▶ **Exercise goal**:
Below are some records. Return exactly the lines from the one containing "Asimetrik Penye Tunik" through the one containing "Professional Quality 94", both included, and only those.

▶ **Material shown**:
==========

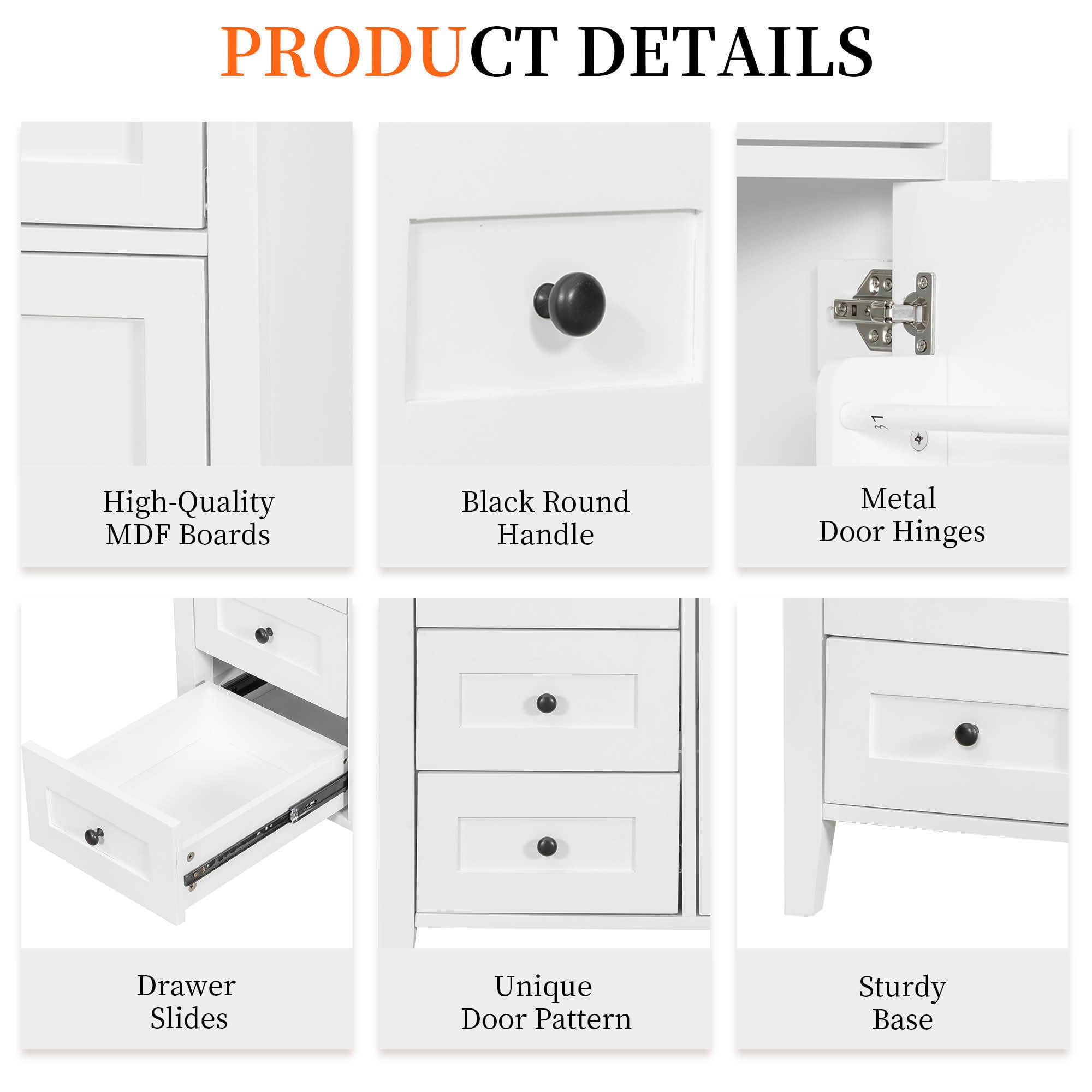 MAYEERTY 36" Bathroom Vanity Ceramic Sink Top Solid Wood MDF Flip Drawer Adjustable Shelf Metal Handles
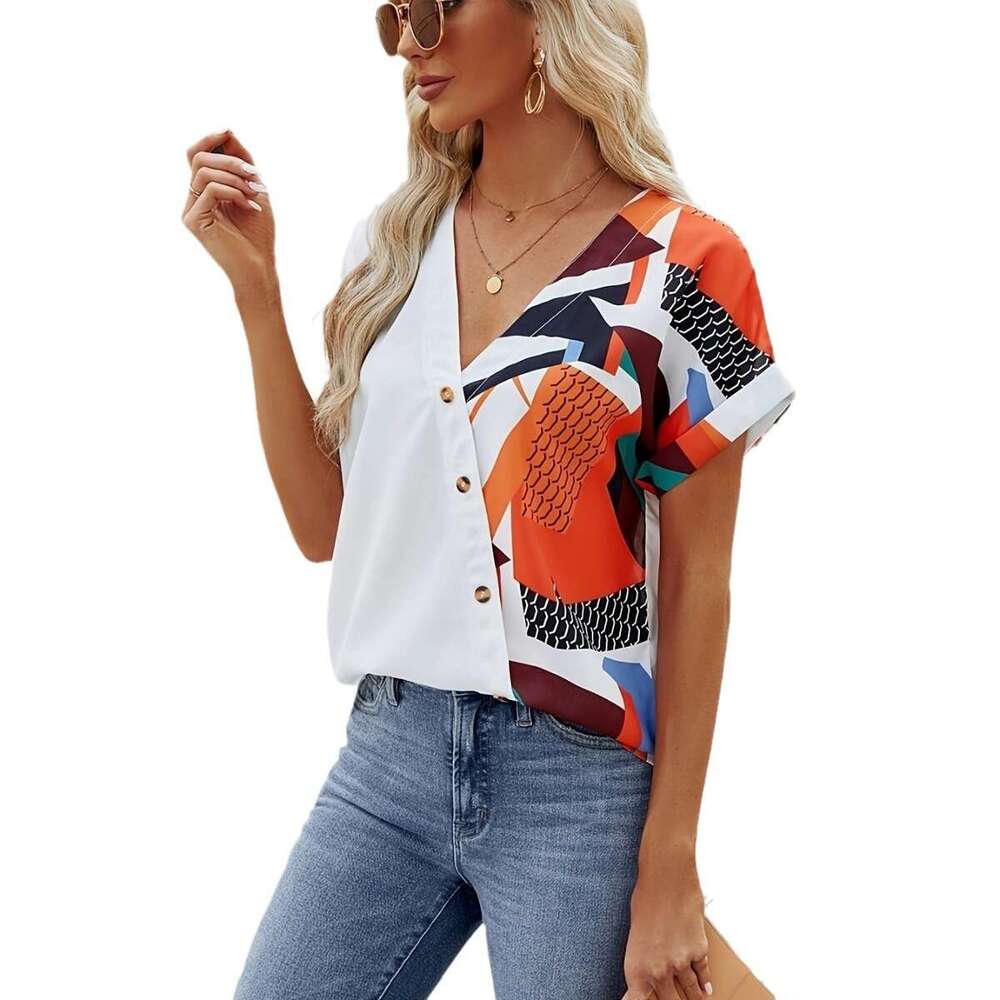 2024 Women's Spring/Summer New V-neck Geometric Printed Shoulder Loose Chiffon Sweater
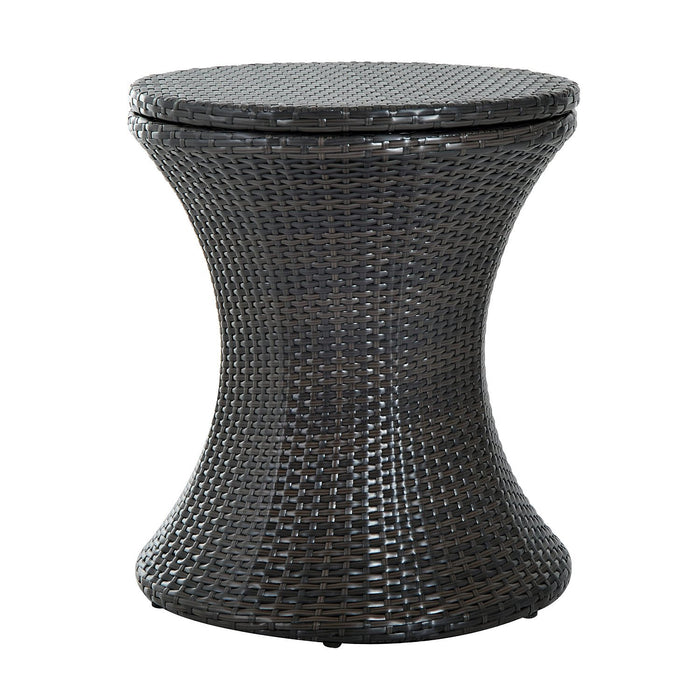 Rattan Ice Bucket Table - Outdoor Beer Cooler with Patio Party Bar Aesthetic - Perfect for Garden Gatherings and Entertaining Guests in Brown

==========

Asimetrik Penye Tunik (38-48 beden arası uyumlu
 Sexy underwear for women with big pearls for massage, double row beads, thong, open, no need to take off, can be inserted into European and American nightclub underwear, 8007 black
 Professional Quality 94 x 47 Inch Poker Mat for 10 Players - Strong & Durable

==========

▶ **Answer to this problem**:
Asimetrik Penye Tunik (38-48 beden arası uyumlu
 Sexy underwear for women with big pearls for massage, double row beads, thong, open, no need to take off, can be inserted into European and American nightclub underwear, 8007 black
 Professional Quality 94 x 47 Inch Poker Mat for 10 Players - Strong & Durable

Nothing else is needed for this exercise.